-------- Dataset excerpt

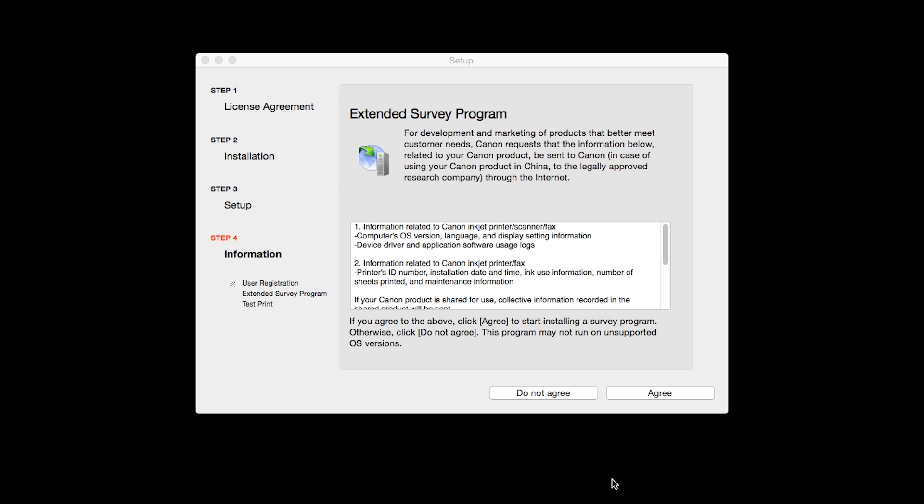An Extended Survey Program screen will appear. This optional program is used for the development and marketing of Canon products so they will better meet our customers' needs. If you agree to participate in the Extended Survey Program, click Agree. If you click Do Not Agree, the Extended Survey Program will not be installed.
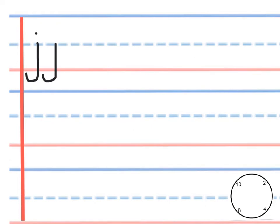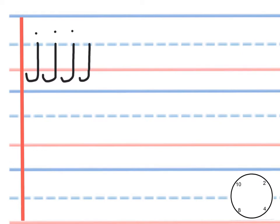Again, the tittle is a tap. We say J. Be careful not to say J or J. It's a very clear sound, J.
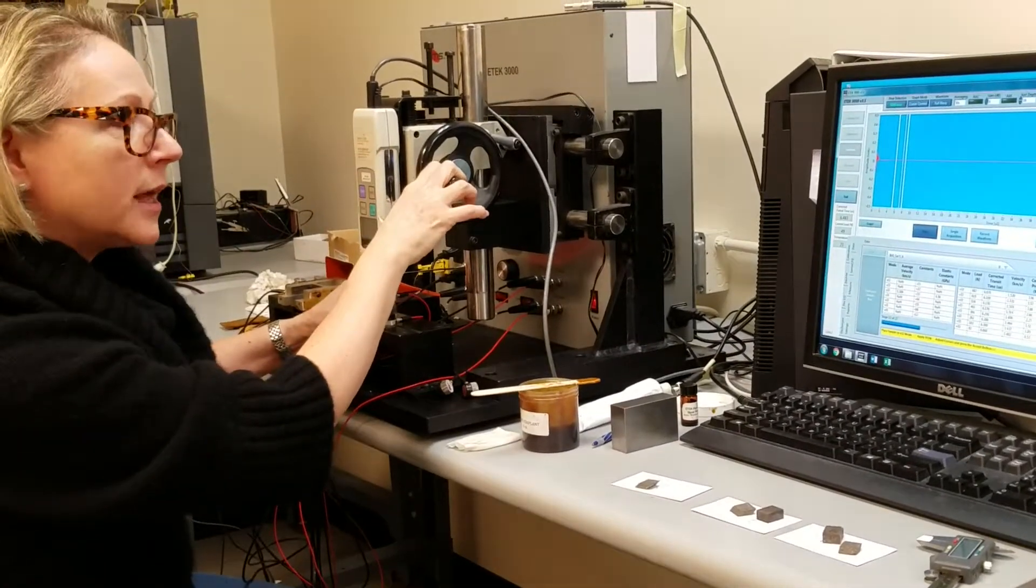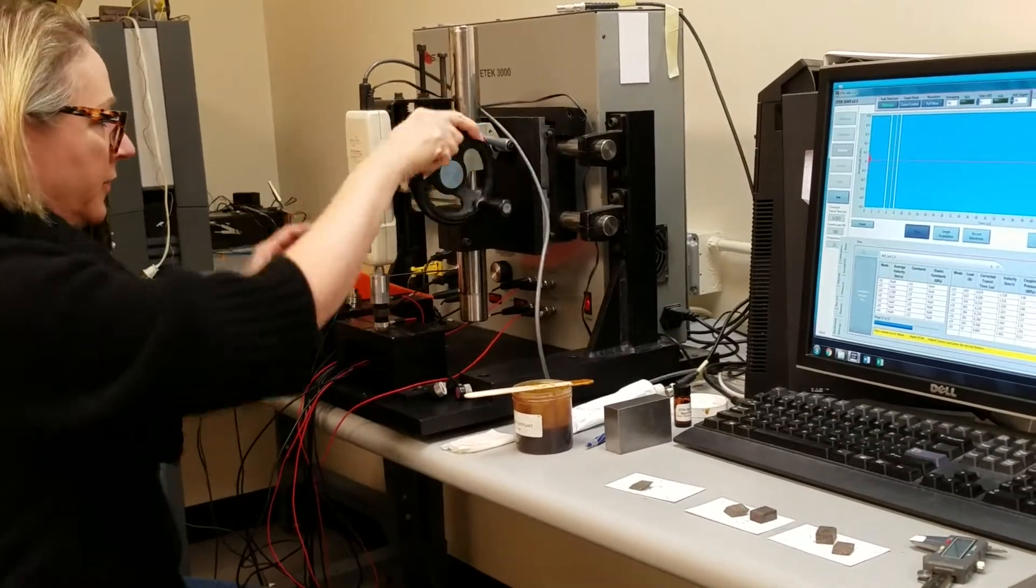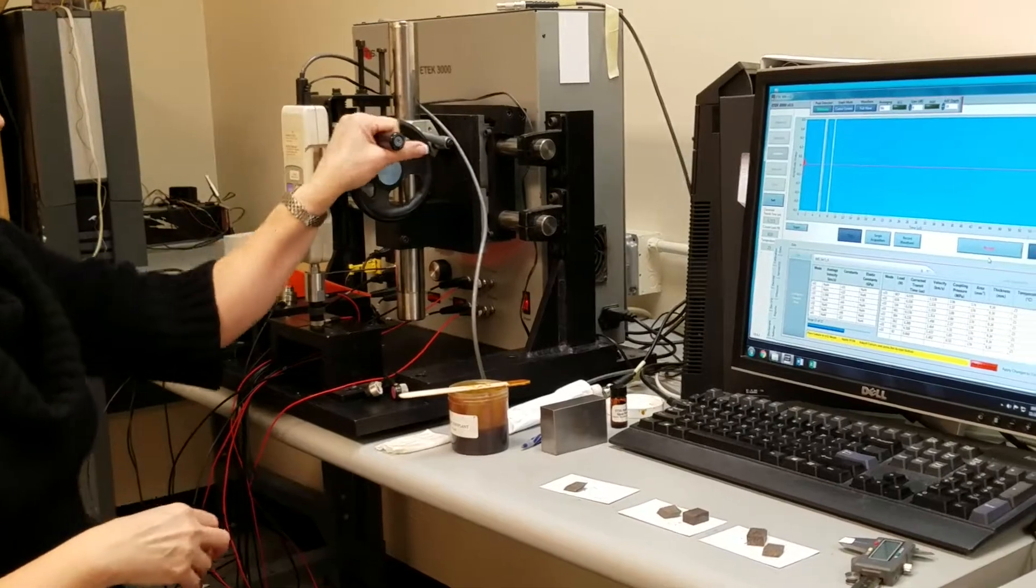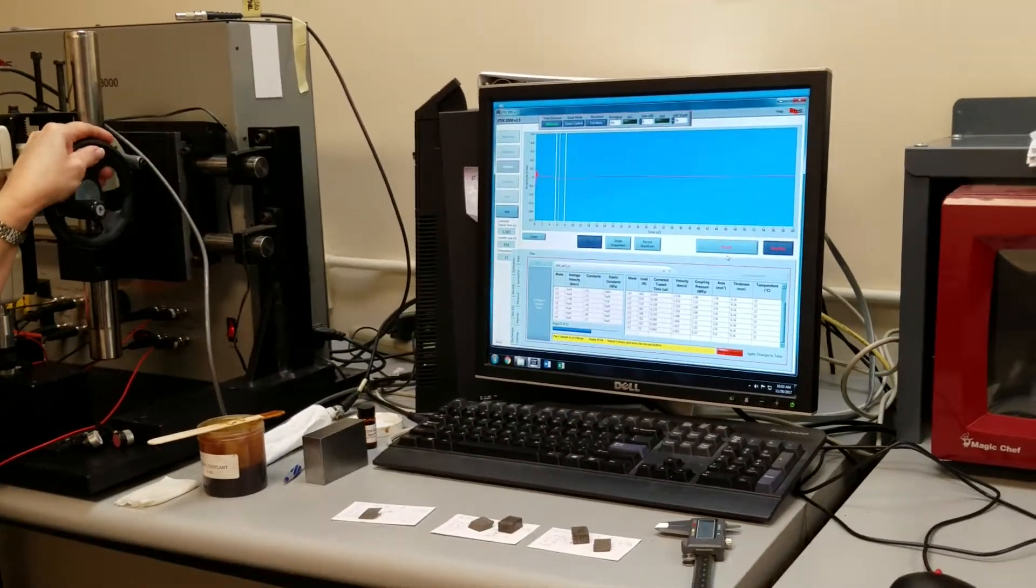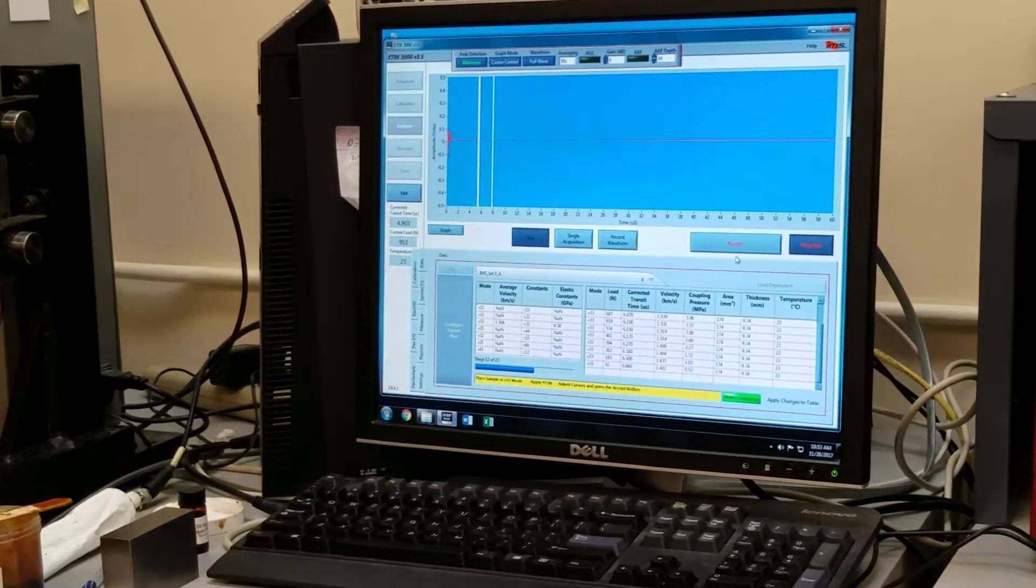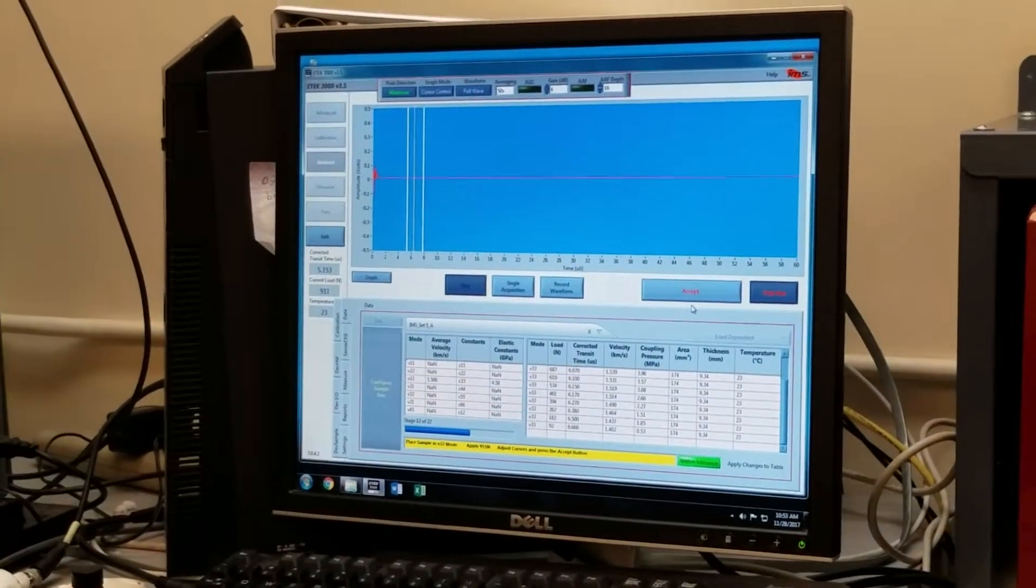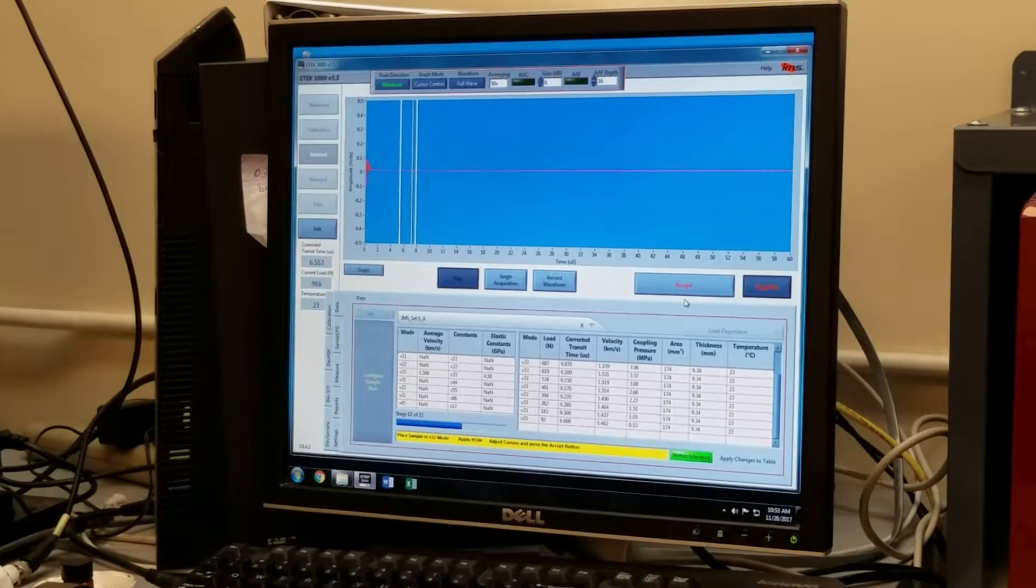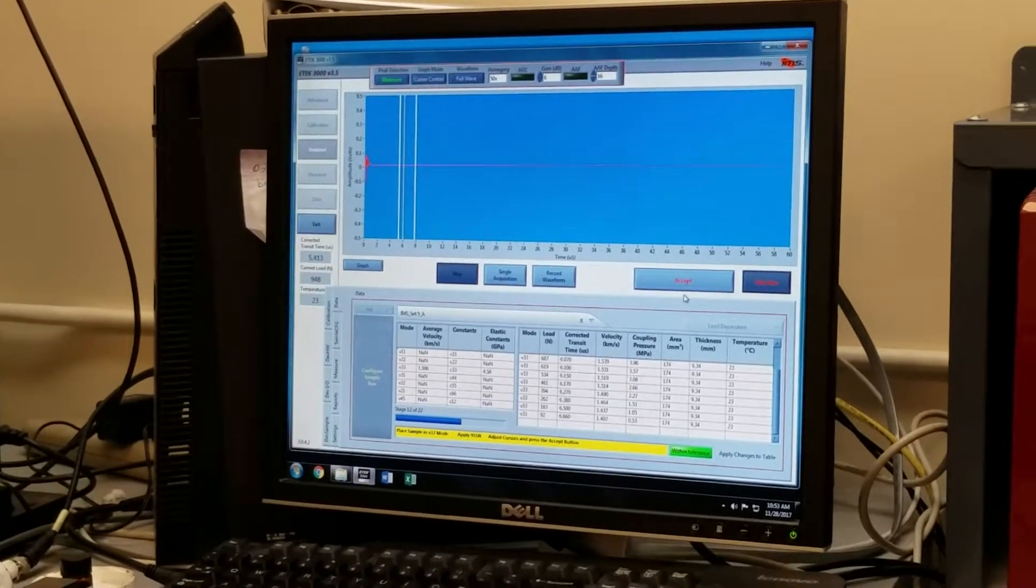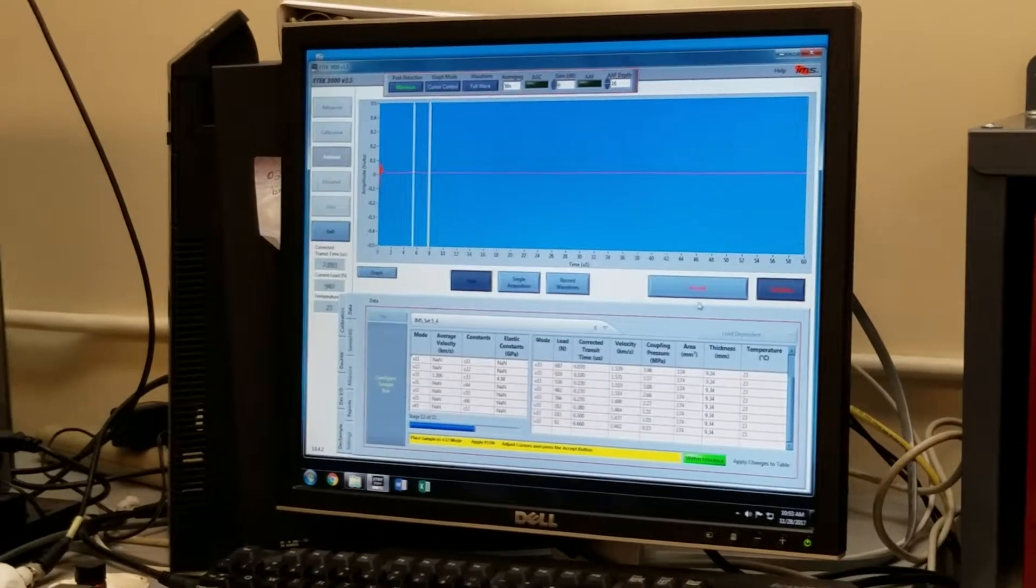And the prompt says apply 955 newtons, and the loads will be the same as we measured with the compressional transducers. The biggest difference here is going to be that we're going to measure a trough and not a peak.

----------------

Please return the material above unchanged, with every picture removed.

Task result ▸
An Extended Survey Program screen will appear. This optional program is used for the development and marketing of Canon products so they will better meet our customers' needs. If you agree to participate in the Extended Survey Program, click Agree. If you click Do Not Agree, the Extended Survey Program will not be installed.
Again, the tittle is a tap. We say J. Be careful not to say J or J. It's a very clear sound, J.
And the prompt says apply 955 newtons, and the loads will be the same as we measured with the compressional transducers. The biggest difference here is going to be that we're going to measure a trough and not a peak.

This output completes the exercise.